Campsite looking East with moon rising

Sunday, May 1, 2011

Short Canyon Flowers - Inyokern, CA

Lots of tiny flowers on the desert floor

I asked at the Ridgecrest museum which of the many canyons in the area might be the best bet for wildflowers.   She mentioned Short Canyon, which was probably less than 6 miles north of where I was staying in Inyokern.   Dog and I headed up the next day and I was not disappointed!

More flowers here than actually came out..  :-(
Driving up the to the canyon the desert was filled with thousands of white flower balls with some yellows and purple's mixed in.   When we got the the parking area the hillside had many poppies, yellows, purples a few orange globeflowers.  They weren't as dense as the whites were coming up, but they were still pretty and the variety was amazing.  So dog & I climbed the hill to the ridge and spied a route that went further along the floor of the canyon.  We went back and took that road and wow, what a find.  The desert floor was much more densely packed with small flowers.  Bunches of yellows in one place, then purples, the tiny whites, then we found some primrose bunches.  It was flower heaven! The variety and colors were just fabulous.  I was quite the happy flower hunter that day.

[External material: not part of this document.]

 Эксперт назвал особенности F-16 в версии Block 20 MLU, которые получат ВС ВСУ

Primrose plus 5 other kinds of flowers here, though hard to see at this size

The next day I checked out Grapevine and Nine mile canyon but couldn't find Sand Canyon.  Neither of those canyons had any of the fanfare that Short Canyon did.  If you are in the area in early April and enjoy flowers, I recommend making the easy trek up to Short Canyon.

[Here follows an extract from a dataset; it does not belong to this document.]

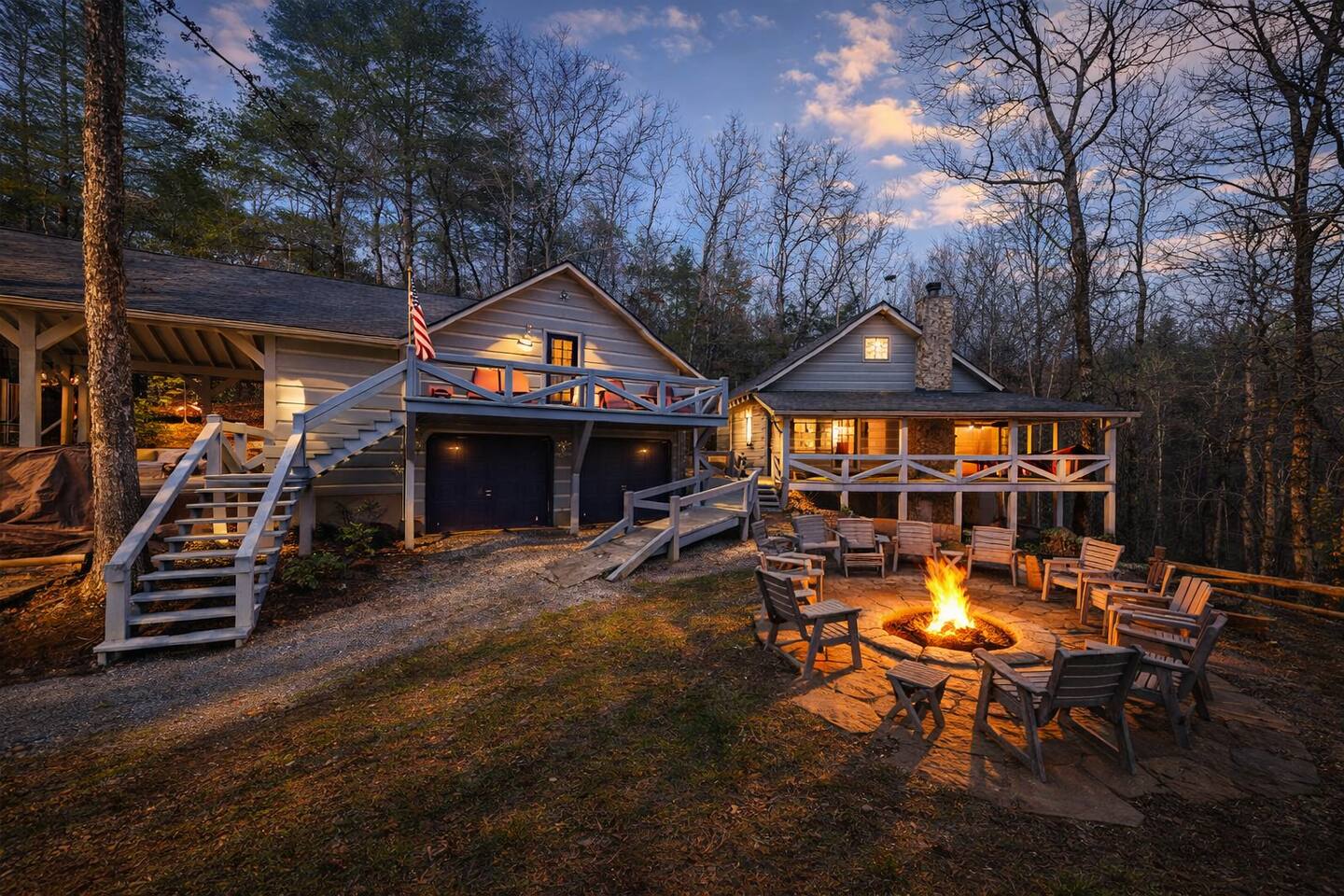 Near Toccoa River • Hot Tub • Fire Pit • Sleeps 12 — Blue Ridge, GA — vacation rental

There are many dirt roads in this area and I didn't have a 4wd map or guide book but this one is not hard to find.  The best route is labeled (sort of).  If you go north from Inyokern to the Brown road exit then turn west, you will see small signs that will take you on an easily passable in a passenger car route.  Coming back the same way you go up is best if you don't have high clearance.  I detoured on a short cut down and kind of did a bumpy sliding in deep sand kind of thing for a bit.